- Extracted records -
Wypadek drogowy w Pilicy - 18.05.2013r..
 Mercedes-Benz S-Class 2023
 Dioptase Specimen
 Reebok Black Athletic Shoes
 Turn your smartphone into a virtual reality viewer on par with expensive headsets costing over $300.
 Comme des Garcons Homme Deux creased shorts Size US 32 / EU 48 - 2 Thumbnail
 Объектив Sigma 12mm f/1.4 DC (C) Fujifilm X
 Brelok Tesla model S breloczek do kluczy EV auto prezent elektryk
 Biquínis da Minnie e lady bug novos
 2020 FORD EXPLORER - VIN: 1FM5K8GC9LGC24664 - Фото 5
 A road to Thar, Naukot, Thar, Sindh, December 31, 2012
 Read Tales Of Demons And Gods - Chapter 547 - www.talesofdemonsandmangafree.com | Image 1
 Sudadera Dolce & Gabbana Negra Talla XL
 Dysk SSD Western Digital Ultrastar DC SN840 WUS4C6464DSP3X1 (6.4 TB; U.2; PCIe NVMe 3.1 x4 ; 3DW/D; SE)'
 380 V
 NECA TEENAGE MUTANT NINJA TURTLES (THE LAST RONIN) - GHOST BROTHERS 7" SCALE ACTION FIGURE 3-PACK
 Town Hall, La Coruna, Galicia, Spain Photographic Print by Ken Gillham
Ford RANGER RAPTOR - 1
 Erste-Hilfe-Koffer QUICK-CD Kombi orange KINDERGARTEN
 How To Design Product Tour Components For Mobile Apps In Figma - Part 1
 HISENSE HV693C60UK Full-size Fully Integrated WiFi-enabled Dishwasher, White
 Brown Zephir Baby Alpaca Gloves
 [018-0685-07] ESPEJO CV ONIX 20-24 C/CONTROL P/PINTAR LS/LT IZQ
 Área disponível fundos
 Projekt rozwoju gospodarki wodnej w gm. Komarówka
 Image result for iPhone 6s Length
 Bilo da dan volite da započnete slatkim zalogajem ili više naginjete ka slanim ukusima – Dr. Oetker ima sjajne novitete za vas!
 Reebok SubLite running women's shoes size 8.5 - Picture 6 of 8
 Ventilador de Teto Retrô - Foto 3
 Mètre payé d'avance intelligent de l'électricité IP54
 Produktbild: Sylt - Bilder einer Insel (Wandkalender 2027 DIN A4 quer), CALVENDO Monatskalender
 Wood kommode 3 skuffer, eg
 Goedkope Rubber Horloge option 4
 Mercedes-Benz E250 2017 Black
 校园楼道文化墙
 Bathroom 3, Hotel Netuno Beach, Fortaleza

- YOUR ASSIGNMENT -
Using the records above, select and copy every line that has the word "Benz".

- REPLY -
 Mercedes-Benz S-Class 2023
 Mercedes-Benz E250 2017 Black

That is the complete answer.